- [DATASET ENTRIES]

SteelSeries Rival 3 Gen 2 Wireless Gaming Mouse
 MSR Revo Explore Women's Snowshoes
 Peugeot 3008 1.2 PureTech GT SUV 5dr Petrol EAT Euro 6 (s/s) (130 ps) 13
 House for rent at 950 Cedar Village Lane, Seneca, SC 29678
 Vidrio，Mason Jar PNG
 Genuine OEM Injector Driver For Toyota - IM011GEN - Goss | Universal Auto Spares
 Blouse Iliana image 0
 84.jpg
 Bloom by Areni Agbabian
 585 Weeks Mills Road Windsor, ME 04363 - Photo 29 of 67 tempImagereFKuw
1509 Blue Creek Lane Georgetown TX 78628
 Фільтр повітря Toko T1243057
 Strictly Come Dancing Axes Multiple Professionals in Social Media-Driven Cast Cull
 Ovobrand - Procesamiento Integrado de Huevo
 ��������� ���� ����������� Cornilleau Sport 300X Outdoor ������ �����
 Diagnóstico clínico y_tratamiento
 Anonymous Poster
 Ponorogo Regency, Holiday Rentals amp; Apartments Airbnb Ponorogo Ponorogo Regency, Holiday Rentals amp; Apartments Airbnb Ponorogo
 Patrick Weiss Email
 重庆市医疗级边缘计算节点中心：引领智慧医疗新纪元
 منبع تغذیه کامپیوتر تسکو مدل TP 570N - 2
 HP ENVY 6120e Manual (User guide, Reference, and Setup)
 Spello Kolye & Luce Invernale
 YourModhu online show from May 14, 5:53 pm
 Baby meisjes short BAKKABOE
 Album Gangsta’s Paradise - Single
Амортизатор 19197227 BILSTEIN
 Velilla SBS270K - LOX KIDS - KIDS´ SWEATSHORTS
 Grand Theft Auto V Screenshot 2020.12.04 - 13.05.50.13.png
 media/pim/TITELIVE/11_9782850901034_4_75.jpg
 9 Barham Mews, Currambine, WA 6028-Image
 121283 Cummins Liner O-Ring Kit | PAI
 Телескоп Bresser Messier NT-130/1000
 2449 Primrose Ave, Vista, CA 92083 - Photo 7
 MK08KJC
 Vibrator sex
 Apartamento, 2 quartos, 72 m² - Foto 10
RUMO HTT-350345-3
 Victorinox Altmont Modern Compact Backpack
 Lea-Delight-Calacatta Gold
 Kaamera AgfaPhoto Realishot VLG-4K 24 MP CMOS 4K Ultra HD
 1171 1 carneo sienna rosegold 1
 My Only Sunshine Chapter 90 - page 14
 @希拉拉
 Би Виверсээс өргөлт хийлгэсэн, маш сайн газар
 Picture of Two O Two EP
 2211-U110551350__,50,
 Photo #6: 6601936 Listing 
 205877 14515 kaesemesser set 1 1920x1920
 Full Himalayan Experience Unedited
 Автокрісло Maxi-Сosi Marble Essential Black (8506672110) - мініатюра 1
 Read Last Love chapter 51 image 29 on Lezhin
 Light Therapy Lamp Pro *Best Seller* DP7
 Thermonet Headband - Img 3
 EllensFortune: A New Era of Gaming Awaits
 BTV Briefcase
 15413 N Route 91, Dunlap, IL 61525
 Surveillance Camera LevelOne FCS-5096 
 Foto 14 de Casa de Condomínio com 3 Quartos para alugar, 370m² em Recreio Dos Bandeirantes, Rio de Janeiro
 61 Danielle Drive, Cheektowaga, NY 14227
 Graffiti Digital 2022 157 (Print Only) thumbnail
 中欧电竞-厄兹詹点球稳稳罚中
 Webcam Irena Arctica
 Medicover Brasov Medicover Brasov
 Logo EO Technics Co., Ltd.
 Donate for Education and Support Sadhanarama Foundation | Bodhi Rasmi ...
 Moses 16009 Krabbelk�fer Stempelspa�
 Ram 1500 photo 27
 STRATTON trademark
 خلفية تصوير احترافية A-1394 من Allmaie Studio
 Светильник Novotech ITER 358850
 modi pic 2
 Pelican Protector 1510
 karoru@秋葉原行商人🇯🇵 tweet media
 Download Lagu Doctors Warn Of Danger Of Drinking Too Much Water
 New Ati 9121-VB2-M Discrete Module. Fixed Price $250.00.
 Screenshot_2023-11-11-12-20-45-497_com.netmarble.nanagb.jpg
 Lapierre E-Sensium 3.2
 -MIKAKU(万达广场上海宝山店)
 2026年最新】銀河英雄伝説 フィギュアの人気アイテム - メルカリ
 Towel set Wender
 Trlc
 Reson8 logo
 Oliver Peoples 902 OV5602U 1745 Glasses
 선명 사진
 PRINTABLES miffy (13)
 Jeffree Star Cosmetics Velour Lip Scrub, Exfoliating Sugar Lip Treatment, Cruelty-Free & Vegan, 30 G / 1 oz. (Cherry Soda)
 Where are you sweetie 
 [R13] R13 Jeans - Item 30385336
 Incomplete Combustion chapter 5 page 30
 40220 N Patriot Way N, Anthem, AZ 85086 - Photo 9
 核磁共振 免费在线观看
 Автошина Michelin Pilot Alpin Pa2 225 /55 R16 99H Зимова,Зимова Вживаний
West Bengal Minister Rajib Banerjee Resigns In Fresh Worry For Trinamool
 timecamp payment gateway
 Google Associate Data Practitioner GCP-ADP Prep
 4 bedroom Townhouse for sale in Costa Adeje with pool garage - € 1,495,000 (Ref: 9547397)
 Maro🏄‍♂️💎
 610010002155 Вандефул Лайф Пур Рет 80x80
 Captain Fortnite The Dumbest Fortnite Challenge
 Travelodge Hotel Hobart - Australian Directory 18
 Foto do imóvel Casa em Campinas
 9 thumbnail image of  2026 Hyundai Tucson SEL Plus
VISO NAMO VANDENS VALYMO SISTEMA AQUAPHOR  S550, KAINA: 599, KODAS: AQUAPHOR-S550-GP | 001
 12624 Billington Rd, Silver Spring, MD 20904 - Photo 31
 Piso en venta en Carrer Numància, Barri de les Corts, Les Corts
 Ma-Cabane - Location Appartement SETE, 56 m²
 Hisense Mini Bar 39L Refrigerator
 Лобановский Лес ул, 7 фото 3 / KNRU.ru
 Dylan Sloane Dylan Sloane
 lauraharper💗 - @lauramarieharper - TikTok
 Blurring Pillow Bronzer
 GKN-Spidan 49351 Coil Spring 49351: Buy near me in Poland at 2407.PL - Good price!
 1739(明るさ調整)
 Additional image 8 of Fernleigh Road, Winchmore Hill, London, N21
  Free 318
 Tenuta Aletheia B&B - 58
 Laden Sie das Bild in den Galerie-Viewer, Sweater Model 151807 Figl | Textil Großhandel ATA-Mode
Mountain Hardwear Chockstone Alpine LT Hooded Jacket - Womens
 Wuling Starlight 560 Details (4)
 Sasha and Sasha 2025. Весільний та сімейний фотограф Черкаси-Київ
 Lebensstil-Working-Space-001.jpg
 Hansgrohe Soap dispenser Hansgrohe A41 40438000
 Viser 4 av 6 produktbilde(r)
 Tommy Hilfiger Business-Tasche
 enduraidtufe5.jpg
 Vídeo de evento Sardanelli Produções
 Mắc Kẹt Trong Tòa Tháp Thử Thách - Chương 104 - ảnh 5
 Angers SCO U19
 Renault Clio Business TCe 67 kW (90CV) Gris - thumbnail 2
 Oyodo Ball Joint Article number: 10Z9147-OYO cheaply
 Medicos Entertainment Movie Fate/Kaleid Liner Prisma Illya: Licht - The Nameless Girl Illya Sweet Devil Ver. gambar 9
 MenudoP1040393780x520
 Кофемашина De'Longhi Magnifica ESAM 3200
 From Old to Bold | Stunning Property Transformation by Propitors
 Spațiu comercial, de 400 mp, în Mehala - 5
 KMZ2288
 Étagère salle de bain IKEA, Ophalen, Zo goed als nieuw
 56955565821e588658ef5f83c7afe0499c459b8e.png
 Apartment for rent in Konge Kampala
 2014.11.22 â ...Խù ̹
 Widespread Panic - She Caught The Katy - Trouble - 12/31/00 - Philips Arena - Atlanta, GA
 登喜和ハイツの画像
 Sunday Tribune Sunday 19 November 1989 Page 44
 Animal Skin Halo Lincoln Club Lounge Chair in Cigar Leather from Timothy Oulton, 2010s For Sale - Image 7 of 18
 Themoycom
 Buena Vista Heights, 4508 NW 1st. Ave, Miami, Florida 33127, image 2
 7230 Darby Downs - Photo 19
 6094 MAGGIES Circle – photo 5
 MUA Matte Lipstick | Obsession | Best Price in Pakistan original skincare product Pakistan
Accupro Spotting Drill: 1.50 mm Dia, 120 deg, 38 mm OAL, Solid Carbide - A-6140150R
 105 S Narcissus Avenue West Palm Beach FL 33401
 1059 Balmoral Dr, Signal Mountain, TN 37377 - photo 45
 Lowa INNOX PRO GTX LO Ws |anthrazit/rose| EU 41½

- [WHAT IS EXPECTED]
Look through the entries above and quote exactly the lines from the line with "Автошина Michelin Pilot" to the line with "Google Associate Data", counting both of those lines.

- [OUTPUT BELOW]
 Автошина Michelin Pilot Alpin Pa2 225 /55 R16 99H Зимова,Зимова Вживаний
West Bengal Minister Rajib Banerjee Resigns In Fresh Worry For Trinamool
 timecamp payment gateway
 Google Associate Data Practitioner GCP-ADP Prep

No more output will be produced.